| WHAT IS BEING ASKED |
The required output is the exact run of lines from the one bearing "Hayward Distributing Co." through the final line of the listing below, with the pictures removed.

Start of GIVEN DATA

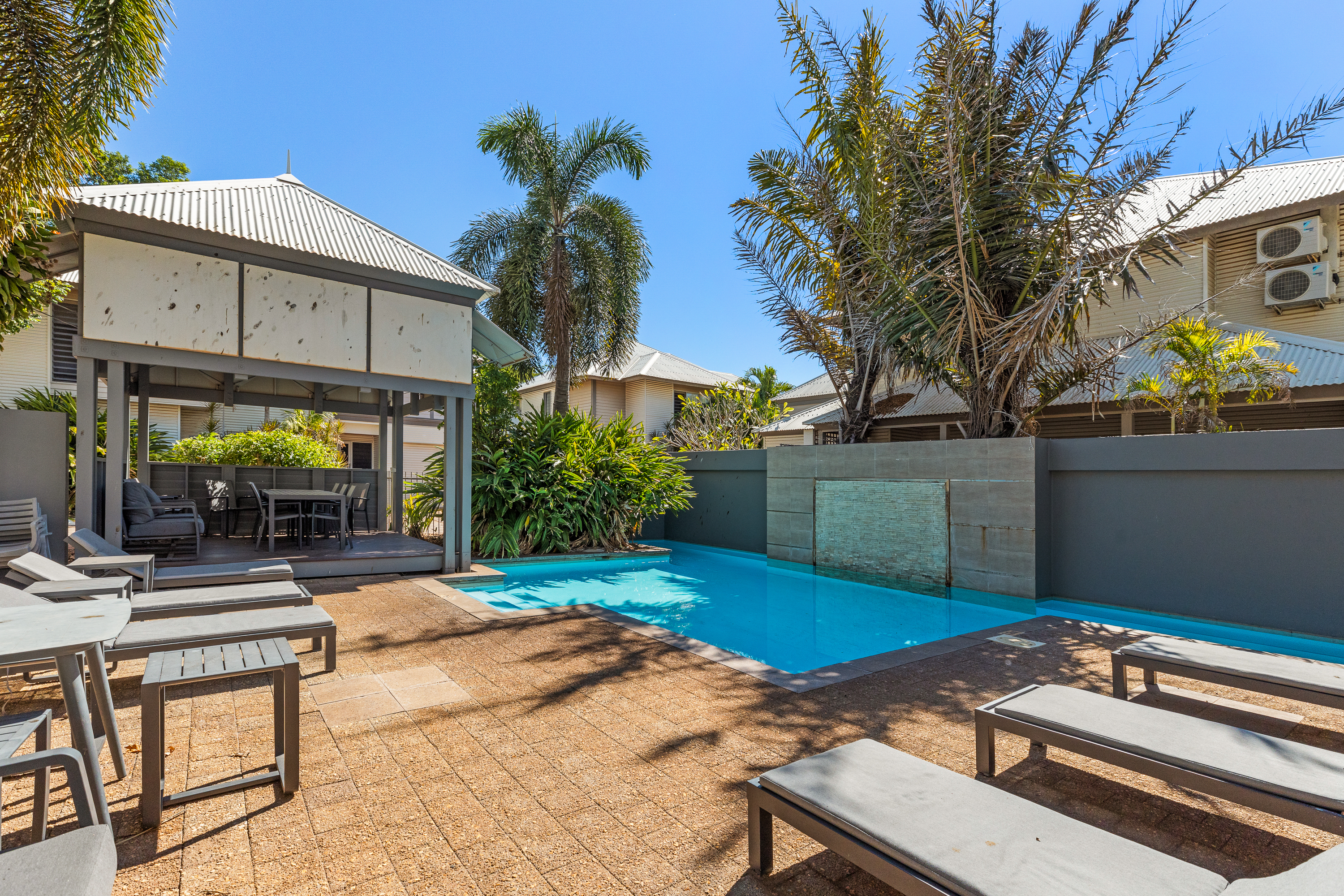 Sophisticated Apartment Living in the Heart of Broome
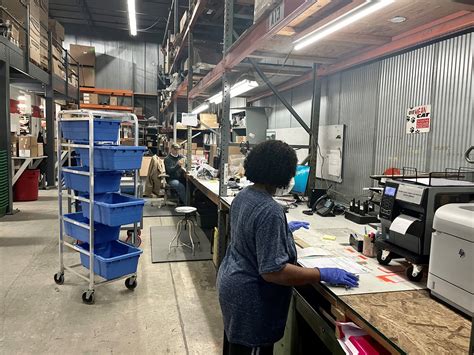 Hayward Distributing Co.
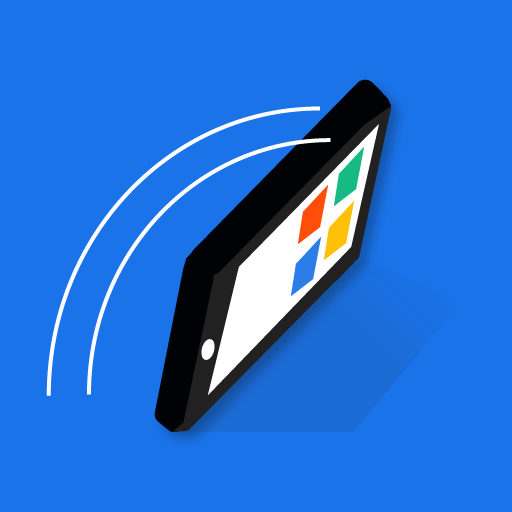 Flip-to-Shush...Shhh Header - AppWisp.com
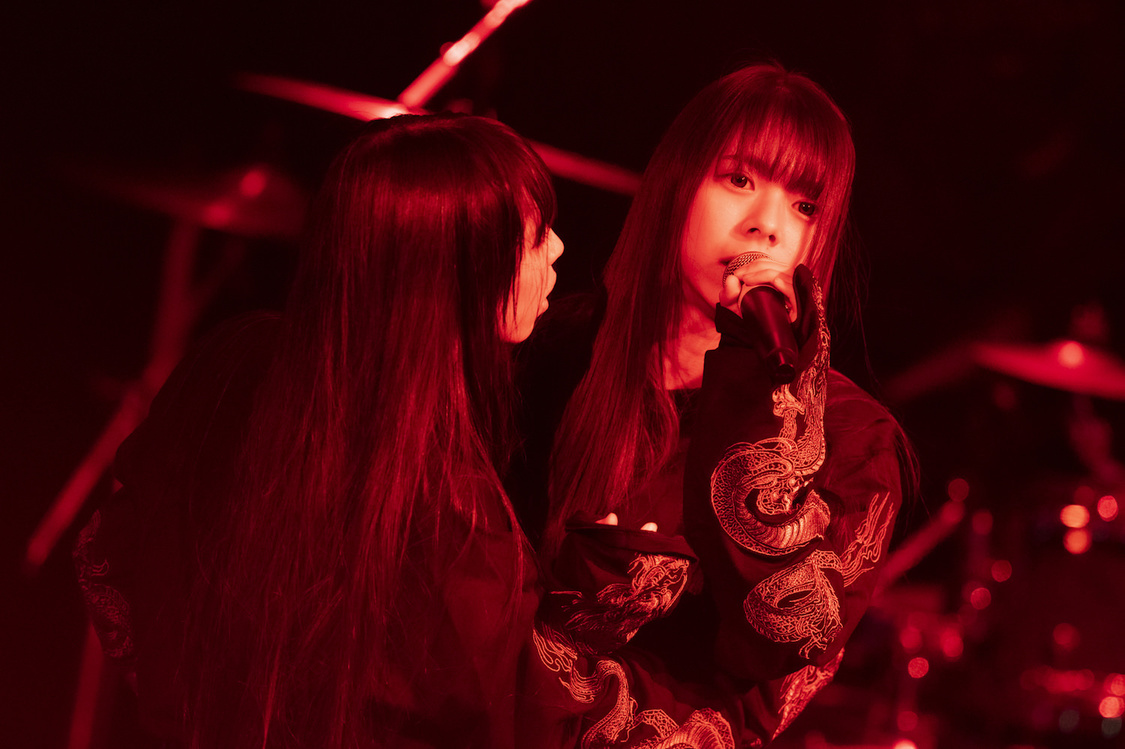 ＜新宿・渋谷バンドセットツアー // 「屋根裏」 in 渋谷WWW＞｜渋谷WWW（2019年11月17日）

End of GIVEN DATA

| THE ANSWER |
 Hayward Distributing Co.
 Flip-to-Shush...Shhh Header - AppWisp.com
 ＜新宿・渋谷バンドセットツアー // 「屋根裏」 in 渋谷WWW＞｜渋谷WWW（2019年11月17日）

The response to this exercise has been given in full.